June 23, 2011By Adam White
Ten times as many students are expected to attend Vermont Technical College this fall as there were in 2004. According to school officials, VTC’s Williston campus needs to expand to meet the needs of that booming population.
John Daniels, dean of administration for Vermont Technical College, outlined development plans for a parking area and new academic building at the Williston campus to the town’s Development Review Board at a meeting earlier this month. Meanwhile, construction is already underway to double the size of both the college’s library and its on-campus housing in Williston Hall.
“As we grow, we need to provide more services and better services,” Daniels said. “Our growth of students is up to 10 percent a year, and we need space for equipment, labs, classrooms and offices.
“Without space, we’re trapped. So we’re trying to be proactive.”
Enrollment at VTC’s Williston campus stood at approximately 50 students when the Randolph-based institution purchased a number of buildings it had been leasing in the vicinity of Taft Corners seven years ago. That number is expected to reach upward of 500 this fall, a number in line with VTC’s master plan of enrolling 800 students by the 2015-16 academic year.
“We’re very pleased with the growth we’ve experienced,” Daniels said.
The Williston Hall renovation – occurring on the second floor of the three-story, 18,000-square-foot building – will double its current housing capacity of 22 students. Though VTC is primarily a commuter school, Jean-Marie Clark, assistant to the dean at the Williston campus, said that fluctuation in fuel prices in recent years has led to increased interest in on-campus housing.

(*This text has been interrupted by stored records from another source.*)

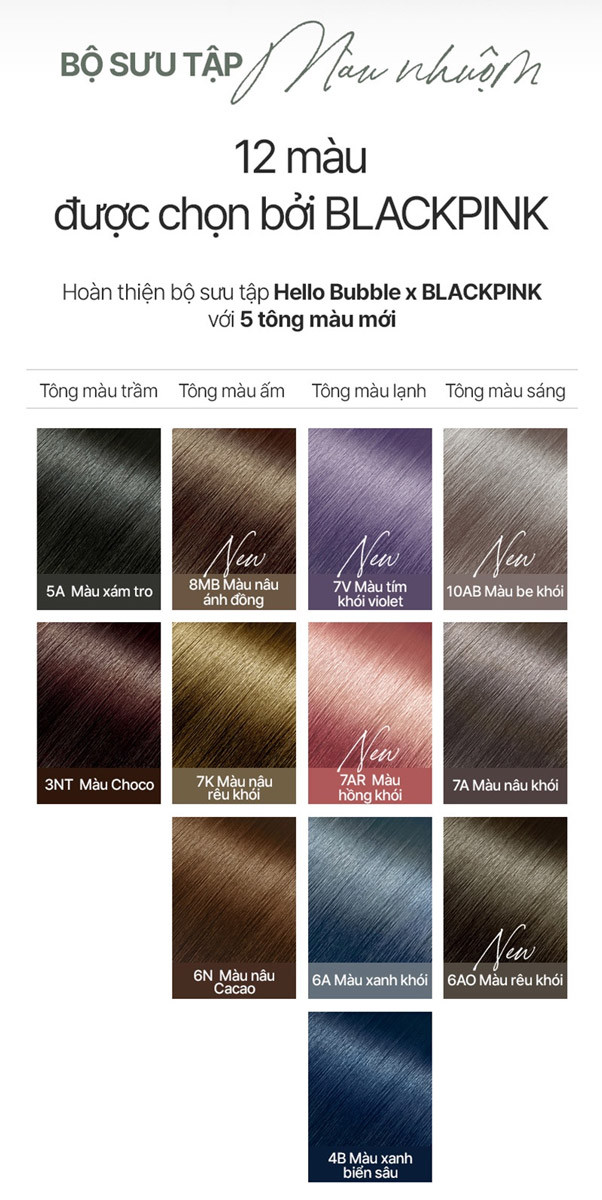 Bảng màu đa dạng của thuốc nhuộm tóc Mise En Scène Hello Bubble phiên bản mới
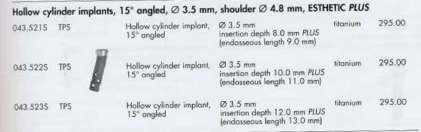 Hollow Cylinder 15 Degree Angled Esthetic Plus 3.5 (4.8)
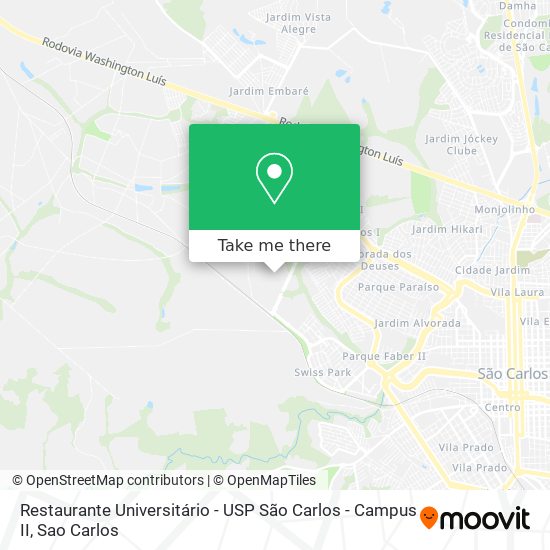 Mapa Restaurante Universitário - USP São Carlos - Campus II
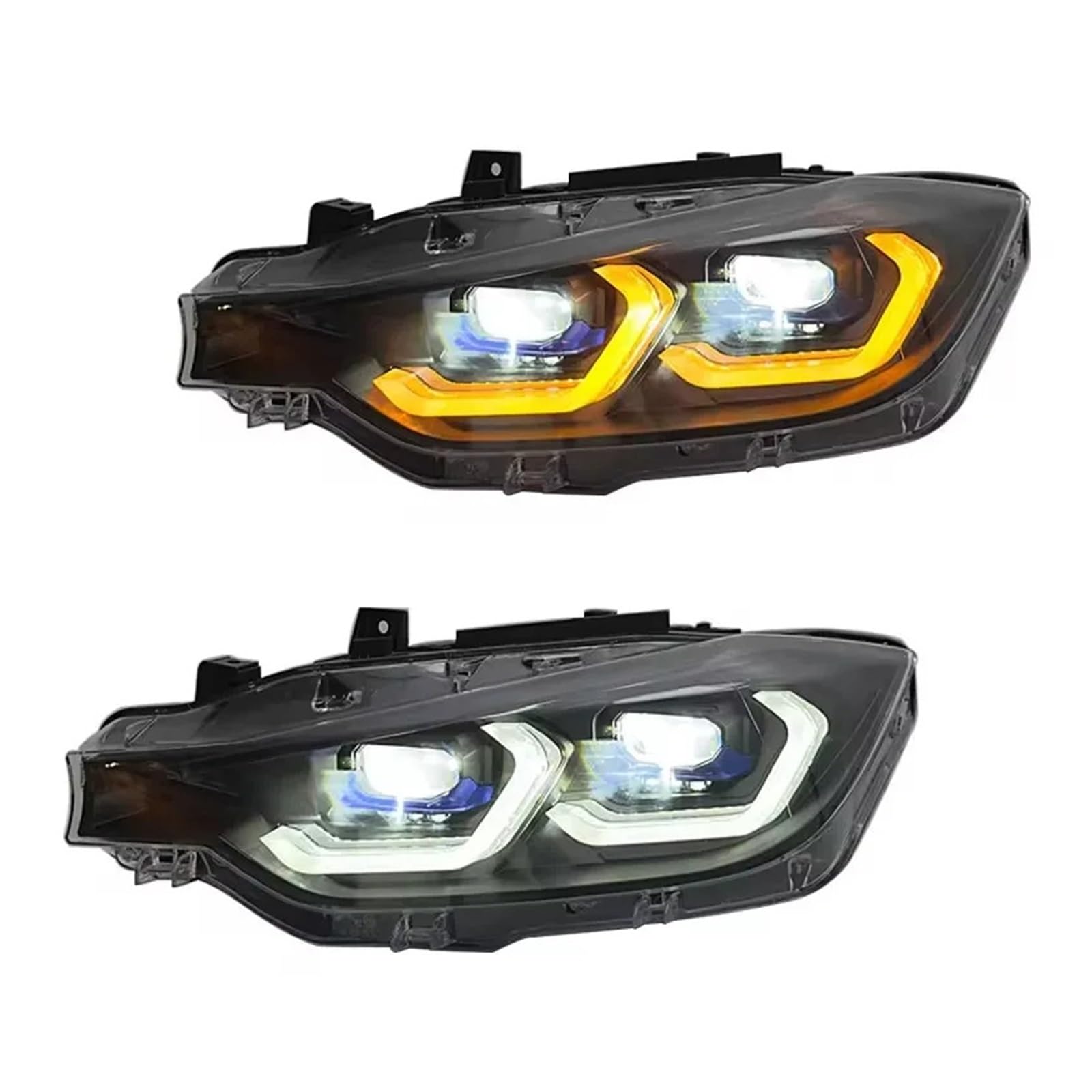 Paar LED-Scheinwerferbaugruppe Kompatibel for BMW F30 F35 320i 328i 335i 3er-Serie 2013-2018 DRL Bernstein Blinker Lichter Autozubehör(Replace Xenon) von JLPOCRBJ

“Earlier this spring, when gas prices kept going up, I was worried that we weren’t going to have enough space for everybody,” Clark said.
Clark said that on-campus housing is also an attractive option to students in VTC’s dental hygiene program, which often necessitates a 7 a.m. start time.
“It’s a nice fit for them, because they don’t have to make such an early commute,” Clark said. “Plus, they can add it into their financial aid package.”
The expansion of the library – which Daniels admitted was previously “a little cubby hole” – is aimed in part at commuters who do not have a dorm room in which to study between classes. The renovation includes four enclosed work areas that will each contain a computer.
“Part of our job is to make this campus as comfortable as we can for students,” Clark said. “This will give students, especially commuters, a good place to get work done.”
Parking is a perpetual problem at VTC. Due to the high rate of commuters and the fact that facilities like the dental hygiene center offer services to the general public, the college’s current parking areas often overflow.
“There are certain days and times when parking gets pushed to the limit,” Clark said. “Helena Drive ends up getting used very frequently for parking.”
The new lot that Daniels proposed to the DRB would consist of 71 additional spaces, five handicapped spaces and the capacity for 14 bicycles. Michael Burke, an engineer working on the project, said that the required number of spaces for resident students increased from 22 to 46 in the past year, and the proposed expansion lot would accommodate VTC’s projected need of 264 spaces by the 2013-14 academic year.
“It is probably not wise to build right out to the last (available) parking space until you have somewhere else to go,” Burke said.
The proposed expansion would also include an additional building, approximately the same size as Williston Hall, which Daniels said could serve a number of purposes.
“It could be a residence hall, but it is more likely to be an academic building,” Daniels said. “It will depend on what we need the most at the time that it is completed.”
Daniels estimated that the proposed parking area could be completed within the next year or two, and the new building would be constructed afterward.